Perhaps the subtitle is misleading. The “notes” are nothing less than poems of moderate length, each fastening a vital tendril upon individual lines or parts of the central poem, and the “grace notes,” which will be the first read and the most admired, are brief lyrics, small shatter fragments of clear beauty, the not too remote supplements of their larger-bodied brothers.
There is a great homogeneity to it all — New Hampshire, “one of the two best States in the Union. Vermont’s the other”; New Hampshire, that possesses, or once possessed, a specimen of everything: a Daniel Webster, a bit of gold, a trace of radium, a reformer, a witch, but not much of anything in commercial quantities except poems; New Hampshire, where the level of intelligence is such that a Warren farmer, come suddenly upon you, may say ten words about Bryant and mid-Victorians. Here is what outsiders think of it, there is what the poet thinks of it; now some meditation on a fallen meteorite, an estimate of the farmyard grindstone, a delineation of two witches, a pathetic poem about a deserted house and a box of books, and so on.
Homogeneity, yes. But can all such stuff be part and parcel of poetry? Indeed it can. Mr. Frost has set his main theme in the blank verse which he fashions so adroitly. He has packed it with thought, both sober and witty, with homely imagery and the rich flavor of White Mountain speech, and made it to wind along like a rough and pleasant path among the hills.

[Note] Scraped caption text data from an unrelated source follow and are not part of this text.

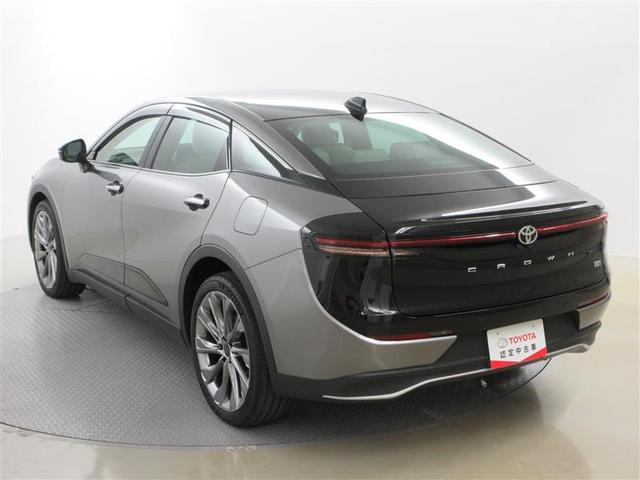 クラウンクロスオーバー Ｇアドバンスド・レザーパッケージ　革シート　４ＷＤ　フルセグ　ミュージックプレイヤー接続可　バックカメラ　衝突被害軽減システム　ＥＴＣ　ドラレコ　ＬＥＤヘッドランプ（3枚目）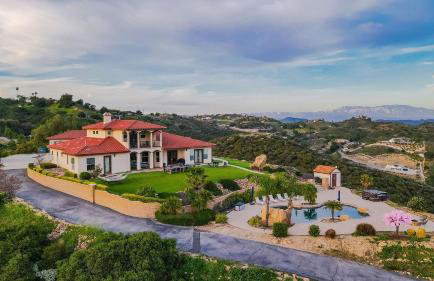 Colina by Avantstay Secluded Mountain Top Oasis w/ Pool, Hot Tub & Putting Green! - Foto 12
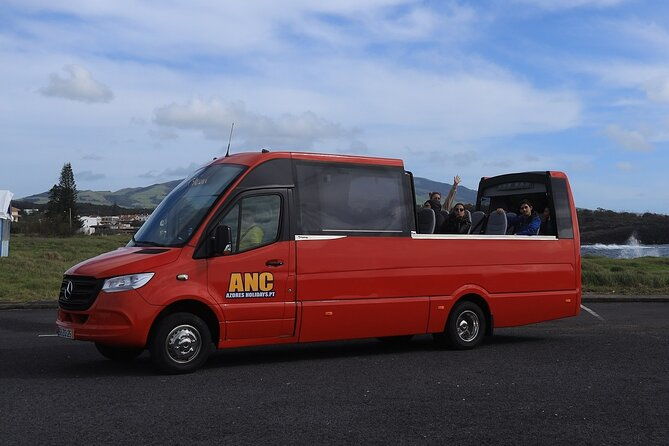 minibus-laketour-furnas-full-day-shared-2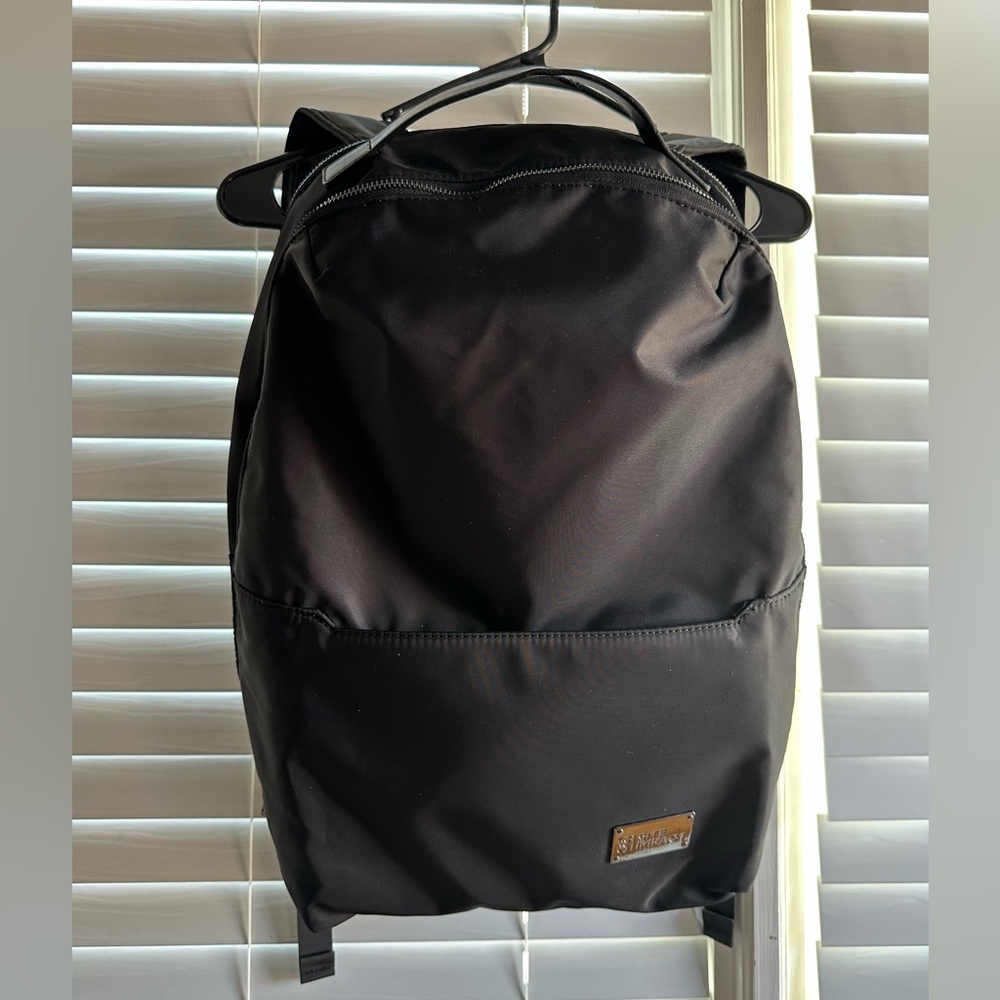 Elegant Backpack! Great For Work, Travel & On The Go! Buy! Best Offer Accepted!🖤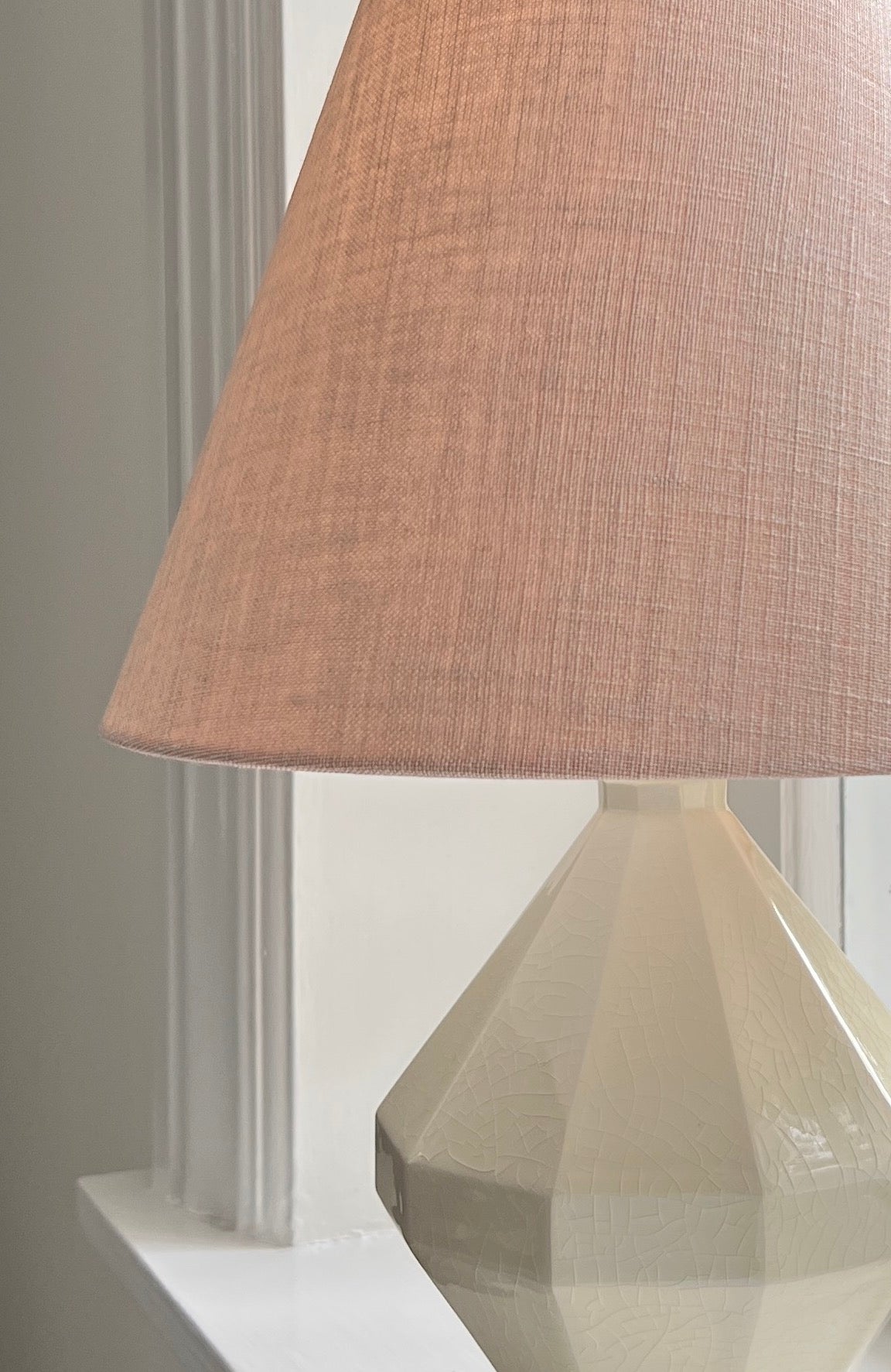 Erwan de Rengervé x Helle Thygesen Table Lamp - Ivory Craquelé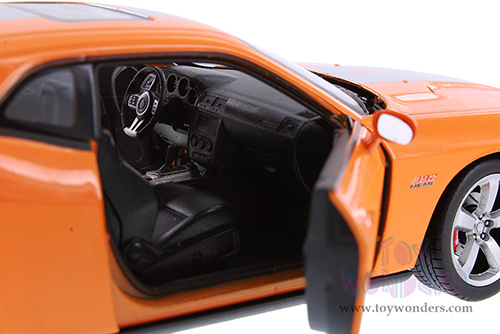 Showcasts® Collectibles - Dodge Challenger SRT Hard Top (2013, 1/24 scale diecast model car, Asstd.) 24049/4D MAP: $19.99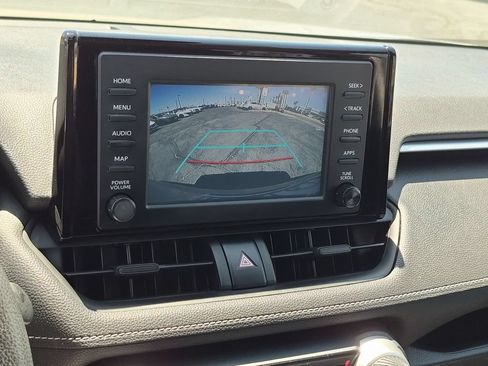 Used 2019 Toyota RAV4 LE w/ Carpet Mat Package FWD image 24
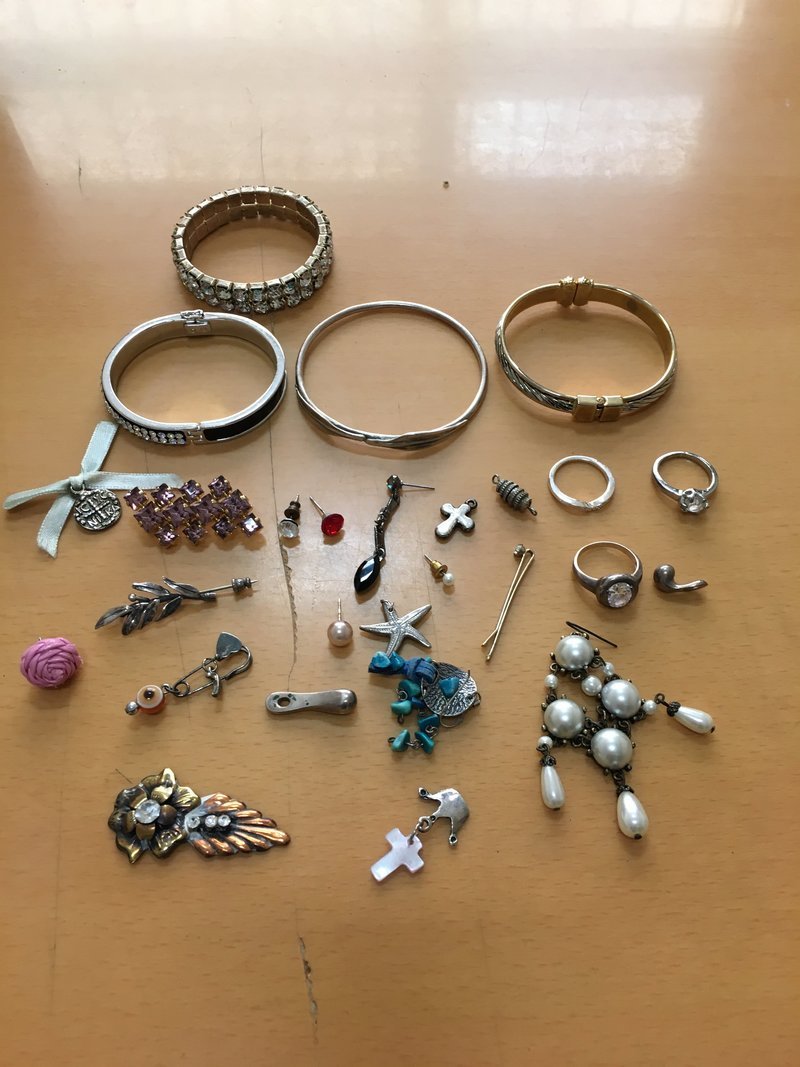 Αυτά είναι τα χρυσαφικά και τα ρολόγια που είχαν κλέψει οι Γεωργιανοί διαρρήκτες [εικόνες] | iefimerida.gr 75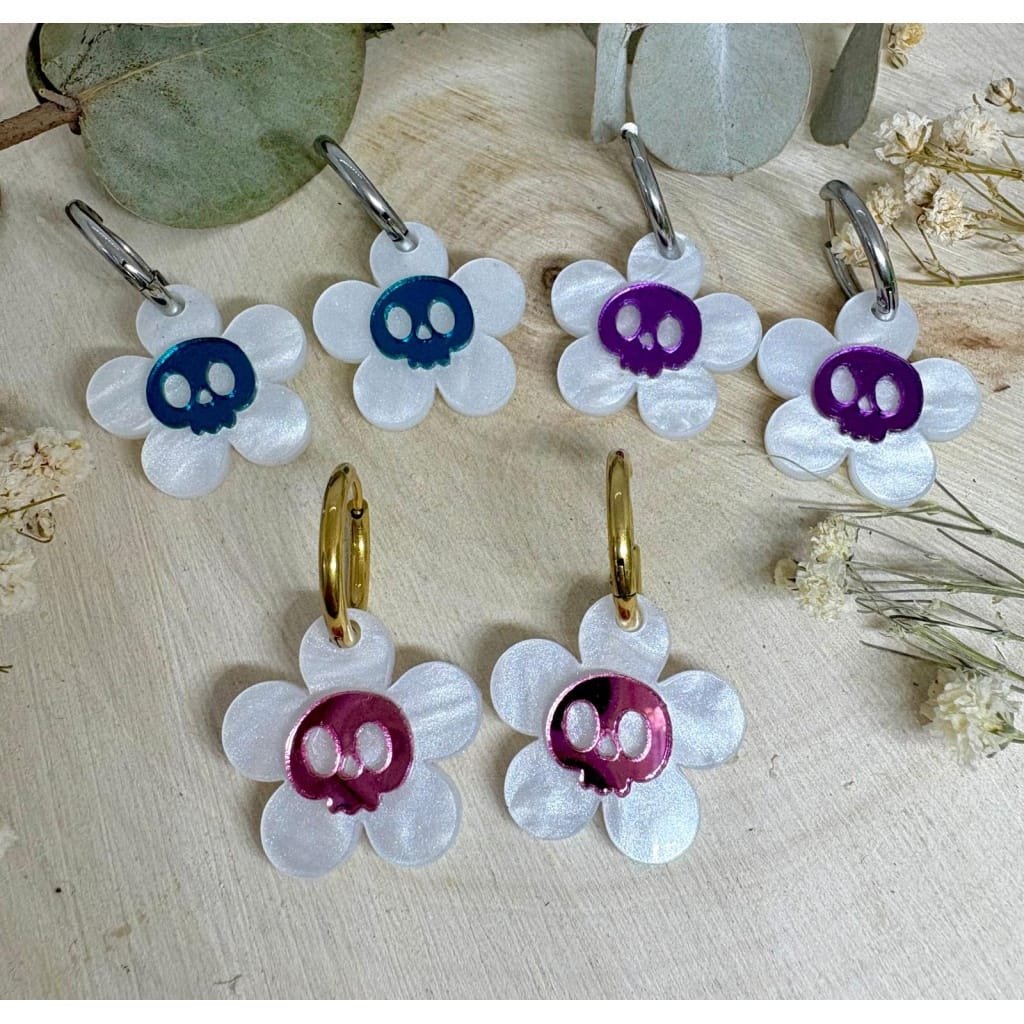 Nuestros Pendientes Flor de Calavera llegan para romper moldes en la Colección Halloween 2025 de Judithconalma, combinando el toque más rebelde del Halloween con la dulzura de una flor. Un diseño exclusivo, alegre y con mucha personalidad, hecho a mano con metacrilatos de importación de alta calidad.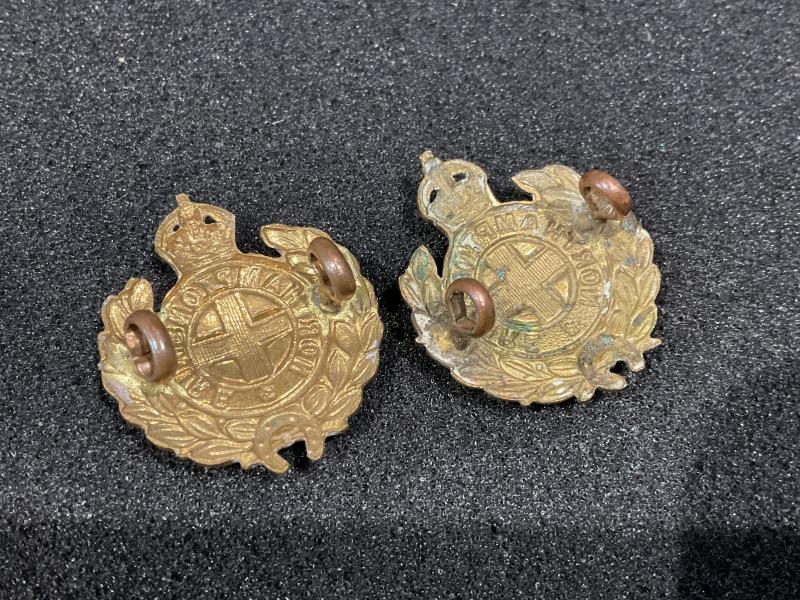 Post 1902 Northamptonshire Regiment collar badges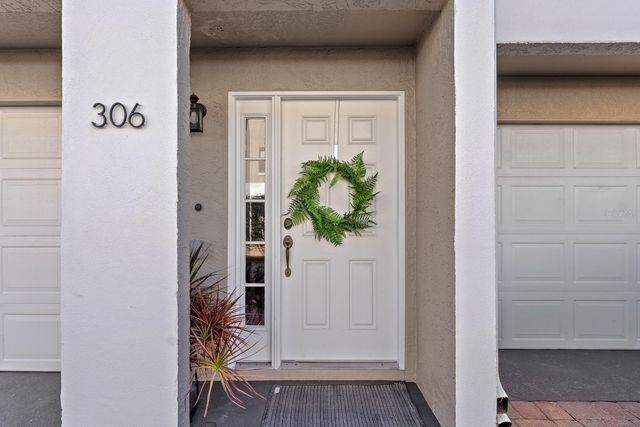 1117 PINELLAS BAYWAY S 306, St Petersburg, FL 33715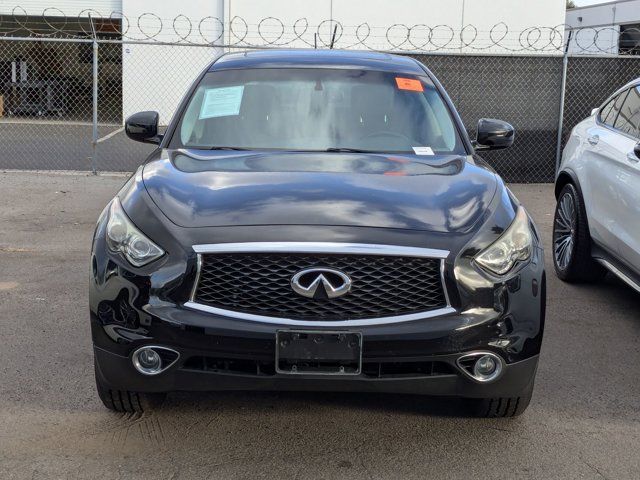 2017 INFINITI QX70 Base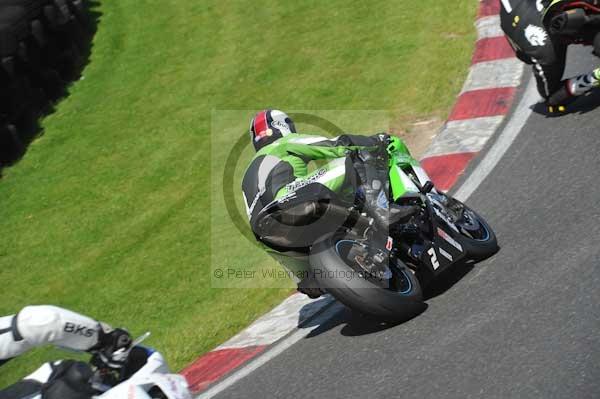 Motorcycle action photographs;Trackday digital images;cadwell;cadwell park photographs;event digital images;eventdigitalimages;motor racing louth lincolnshire;no limits trackday;peter wileman photography;trackday;trackday photos
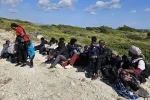 İzmir’de arızalanan botla denizde sürüklenen 26 düzensiz göçmen kurtarıldı 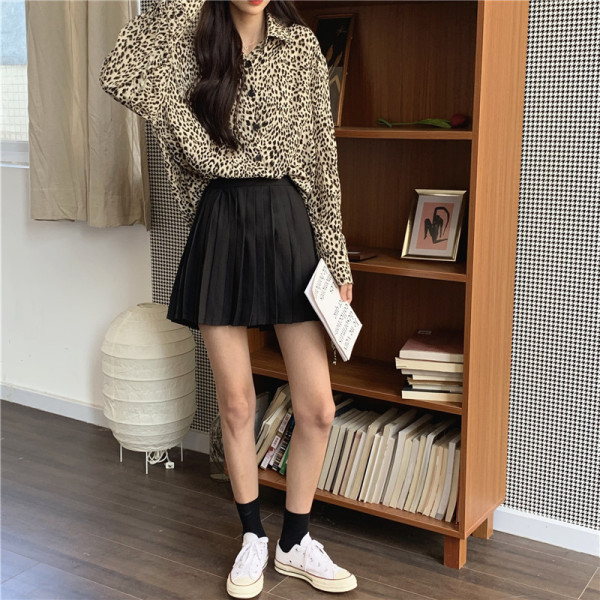 Mūsdienīgs sieviešu krekls ar leoparda rakstu un piedurkņu saitēm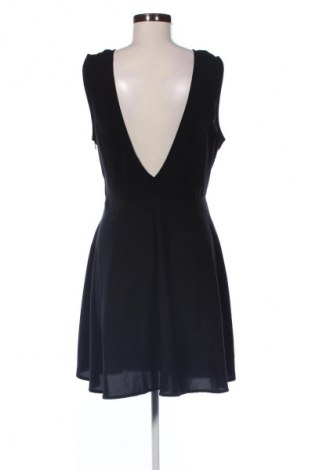 Ruha mbyM, Méret L, Szín Fekete, Ár 13 329 Ft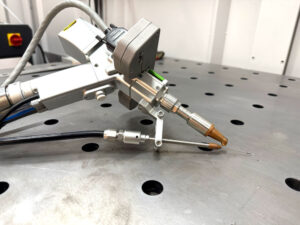 Soldadora láser portátil para soldadura láser de metales.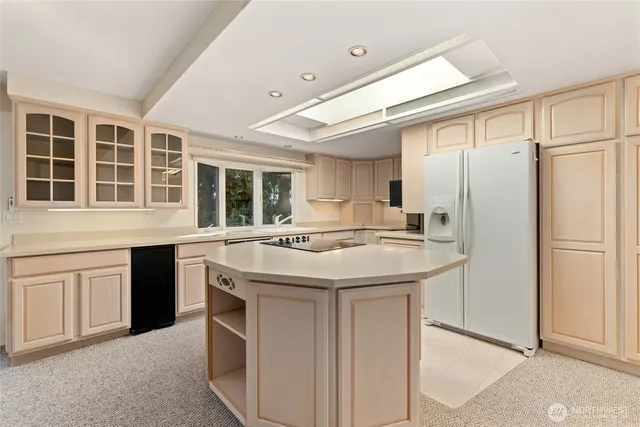 $2,199,000 | 1672 185th Court Northeast, Bellevue, WA 98008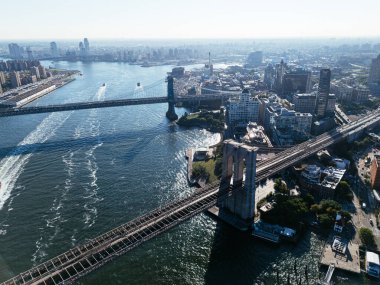 İki köprü, Brooklyn ve Manhattan, gün doğumunda. New York, ABD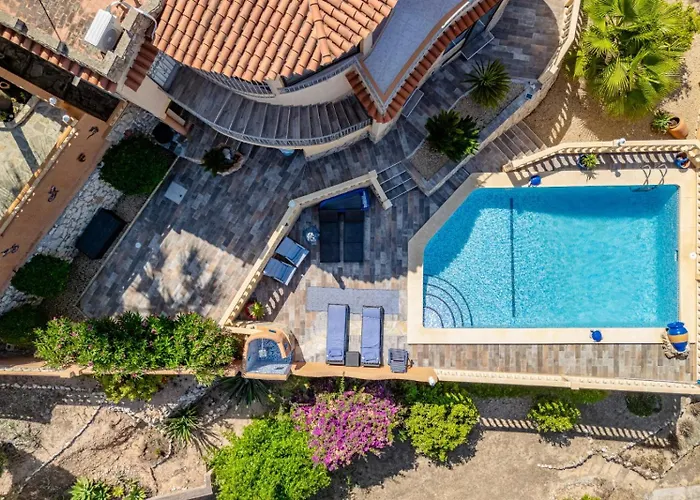 With Private Pool And Ifach View - Maryvilla Calpe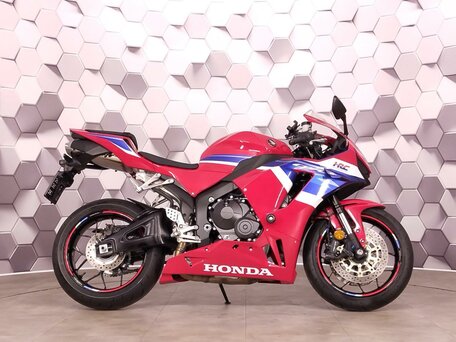 2024 Honda CBR 600RR, красный, 1485000 рублей, вид 3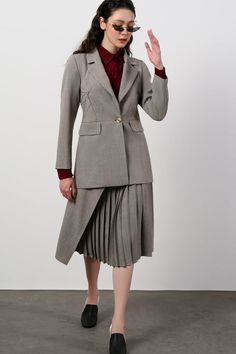 Women's Arabella Straight Long Sleeved Cotton Blazer S/M/L Grey MEAN BLVD Office Lady Suit For Fall, Semi-formal Single Breasted Suits, Elegant Tailored Long Sleeve Blazer, Elegant Fall Blazer For Office, Fitted Blazer For Semi-formal Office Wear, Semi-formal Single-breasted Suits, Tailored Single-breasted Office Lady Skirt Suit, Elegant Winter Suits For Work, Elegant Blazer With Lapel Collar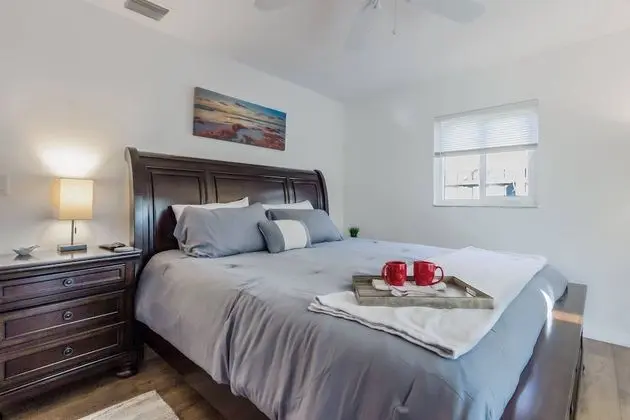 Ev (Quaint Cottage in a South Sarasota Ne)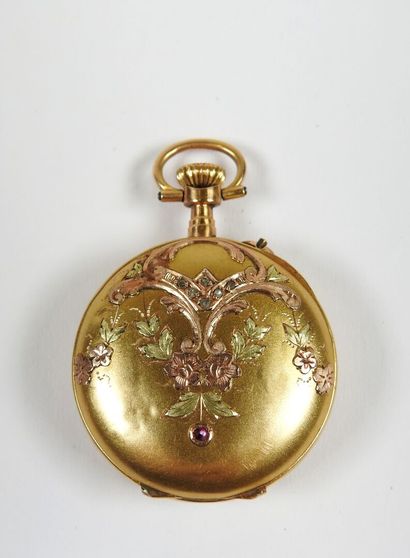 Neck watch in 18K yellow gold, the mechanical...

It has been said that Mr. Frost apparently polishes his work, but never to brilliance. When one reads the pages of his new book, finding such glorious titles as “A Star in a Stone-Boat,” “Our Singing Strength” or “The Star Splitter,” one may easily expect the pinion sweep of Mr. (Edward Arlington) Robinson. To do that is to be disappointed. Mr. Frost sails on an even keel, and his polishing has gone to make fruitless the simplicity and naturalness of the lines, not to give them the ethereal quality one may see with Mr. Robinson in “The Man against the Sky,” but with almost everything that Robert Frost has done one shuffles through the autumn leaves upon a lonely road — and enjoys it immensely.
Mr. Frost has ideas and originality, both of which are most apparent in New Hampshire. His greatest defect is too much sameness of form. In all of the longer pieces there is the swing of blank verse, and often twenty lines of a poem may be read before one is aware of rhyme; a fact, however, wholly untrue of the grace notes. His method of relief is humor:
And weren’t there special cemetery flowers,
That, once grief sets to growing, grief may rest: The flowers will go on with grief awhile, And no one seem neglecting or neglected. A good deal of a philosopher, Mr. Frost digs down into the heart of New Hampshire life and deracinates with extreme cleverness and subtlety its changing aspects. Yet his old loves have not been lost, and those who turn to a new volume of (John) Masefield for the salt water ballad that may be there will find here another “swinging birch” poem and much that is akin to “Mending Wall.” -- D.T.W. McC.